**What the exercise asks**
Your copy should hold only the lines from the one with "Maison à LE CANNET-DES-MAURES" to the one with "Mateusz Sarwuta (Red", both included, each exactly as it stands below, with no pictures.

**Dataset extract**
((

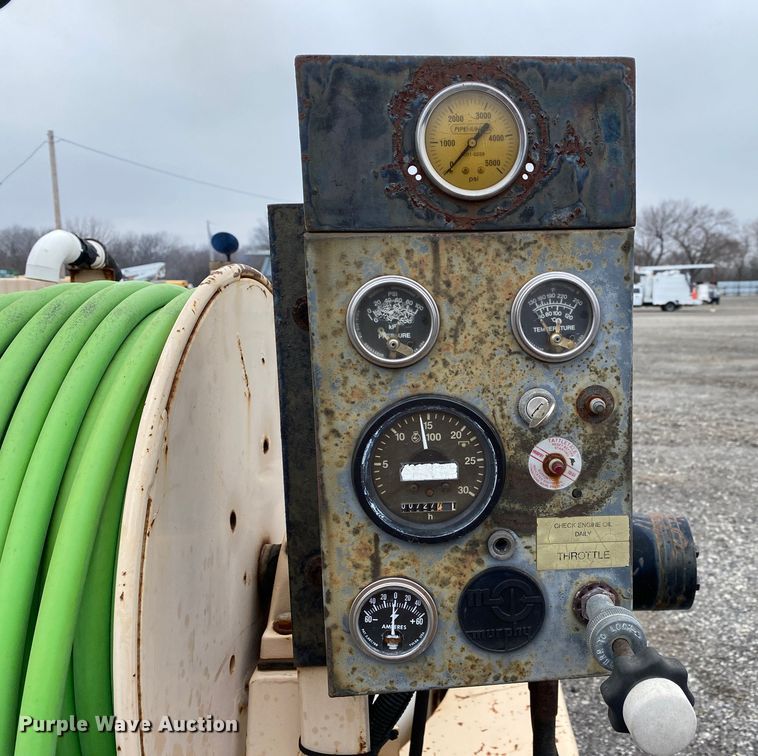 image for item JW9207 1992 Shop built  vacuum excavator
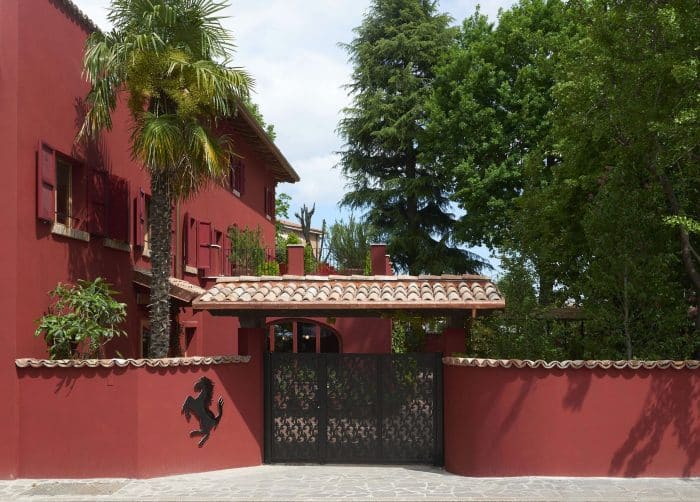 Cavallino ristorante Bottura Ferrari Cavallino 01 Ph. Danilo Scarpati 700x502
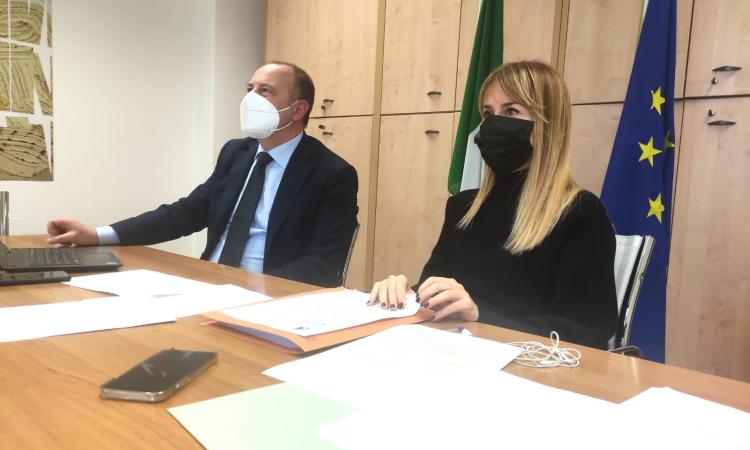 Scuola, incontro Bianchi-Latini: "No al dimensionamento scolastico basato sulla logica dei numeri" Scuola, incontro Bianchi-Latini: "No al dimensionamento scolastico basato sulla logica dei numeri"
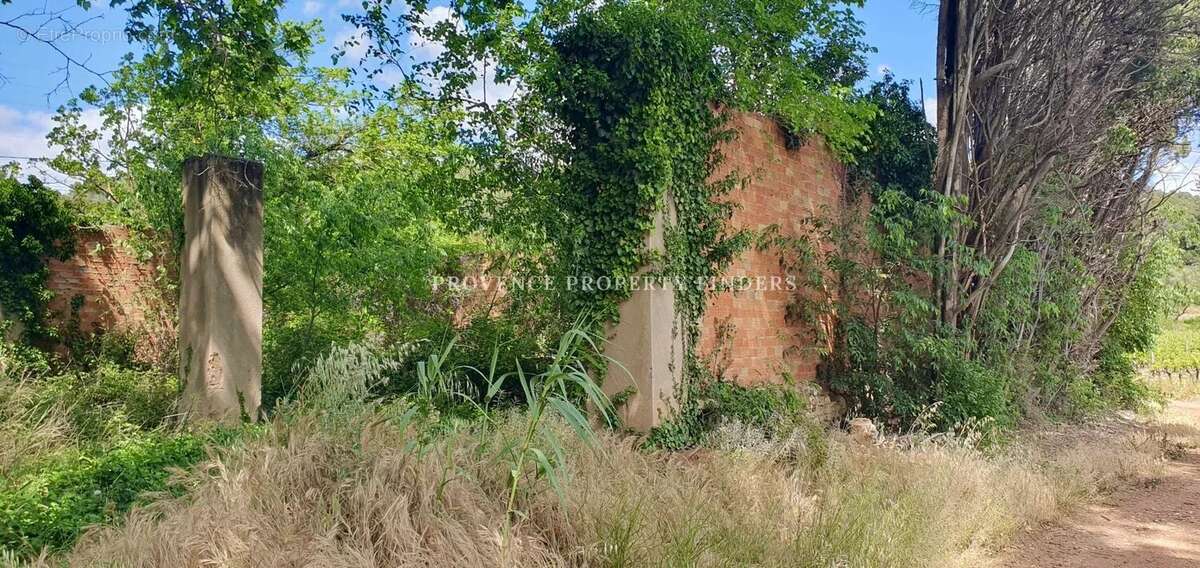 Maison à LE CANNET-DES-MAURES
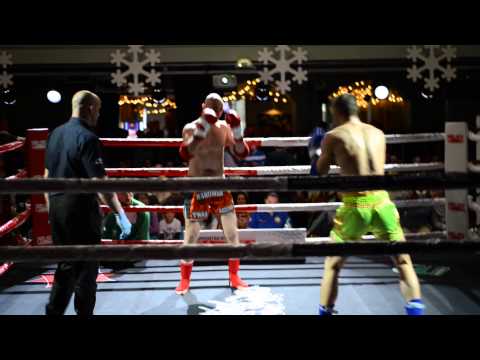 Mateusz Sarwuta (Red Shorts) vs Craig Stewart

))
((

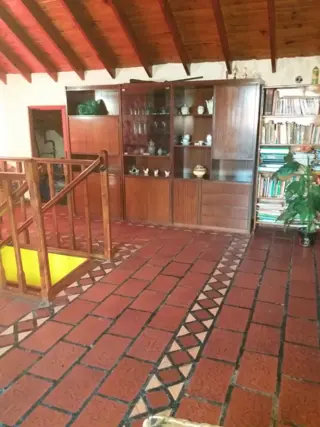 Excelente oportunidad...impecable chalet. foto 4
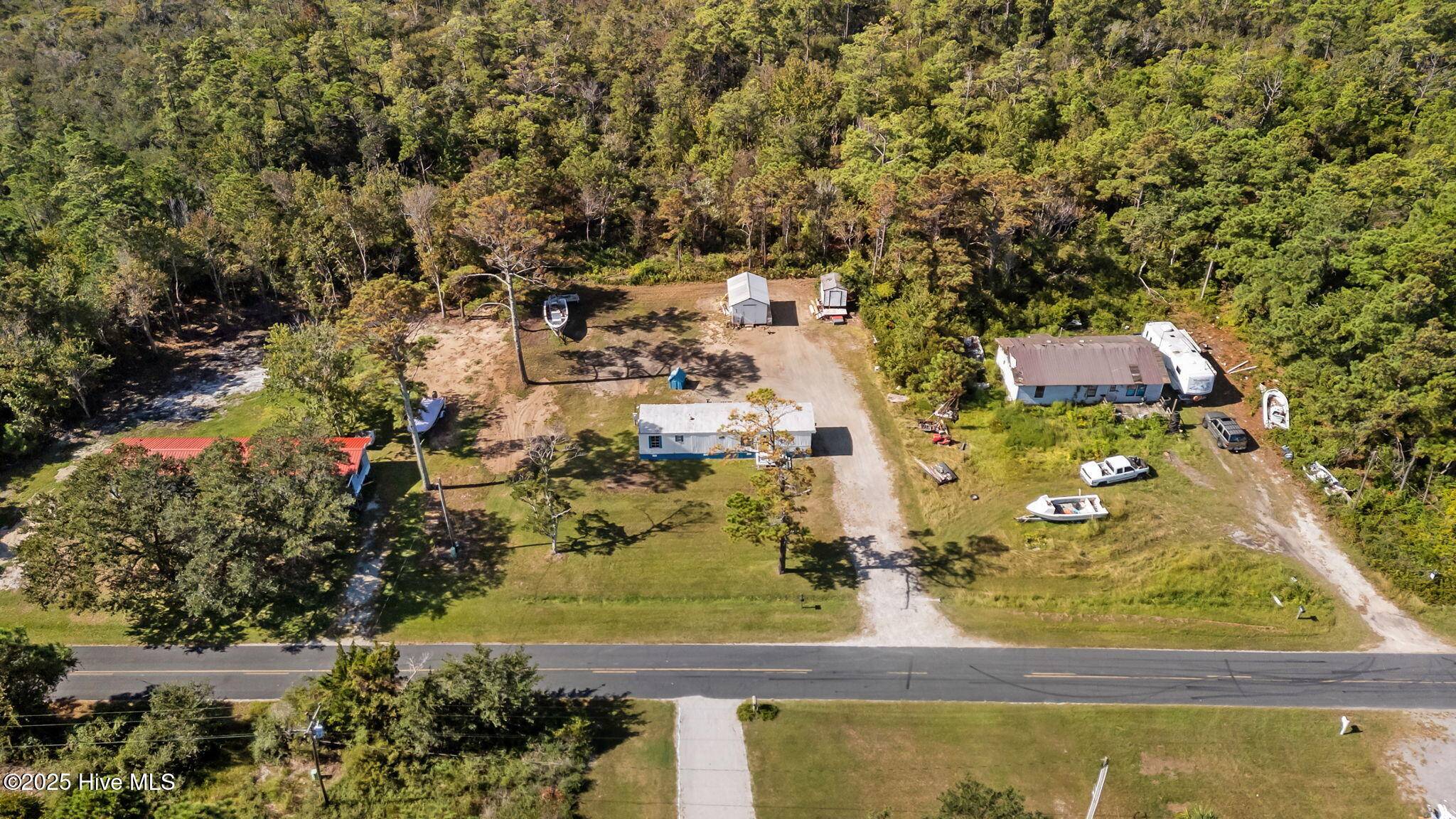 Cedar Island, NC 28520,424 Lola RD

))
((

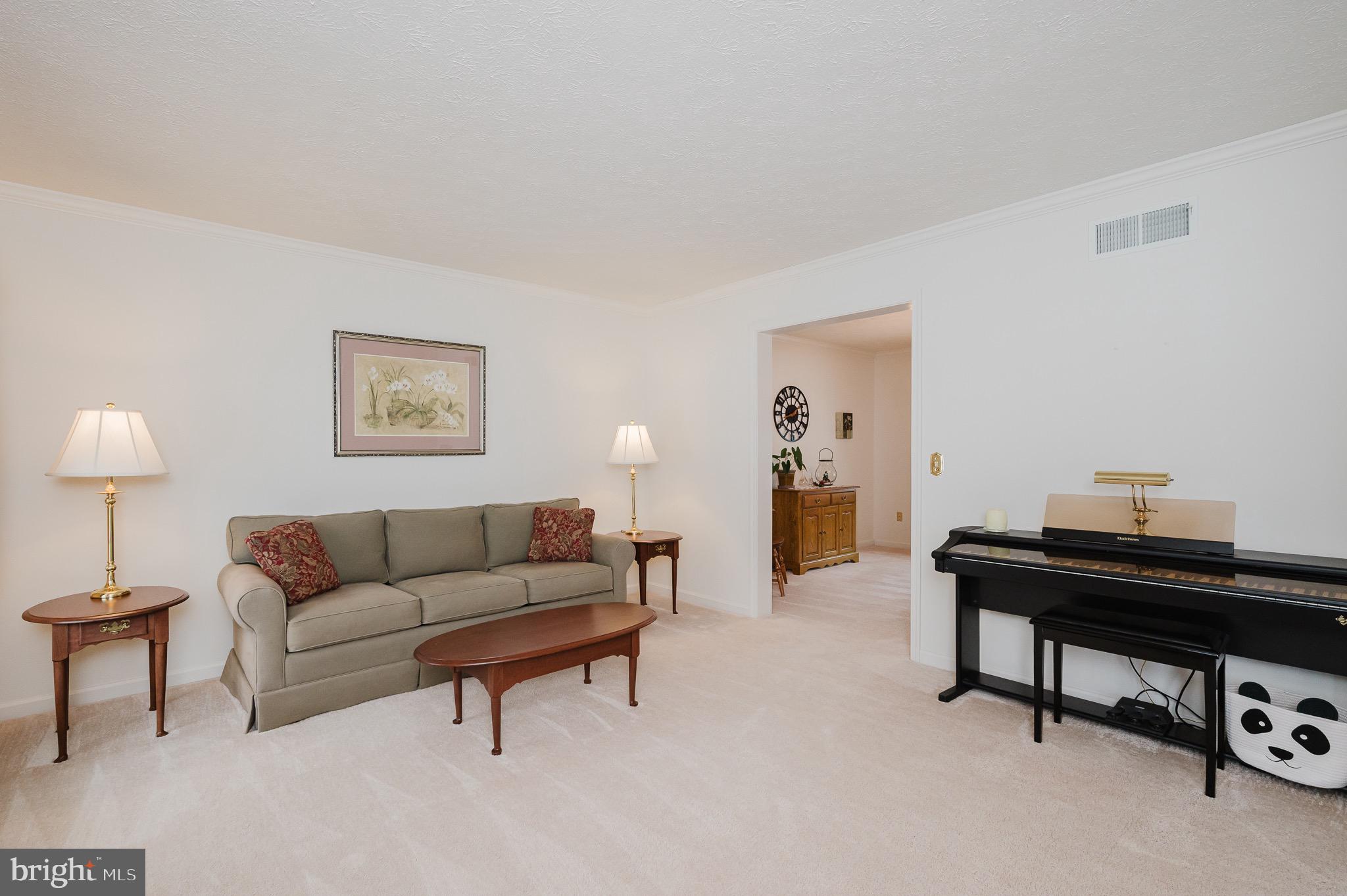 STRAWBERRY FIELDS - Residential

))

**Response below**
 Maison à LE CANNET-DES-MAURES
 Mateusz Sarwuta (Red Shorts) vs Craig Stewart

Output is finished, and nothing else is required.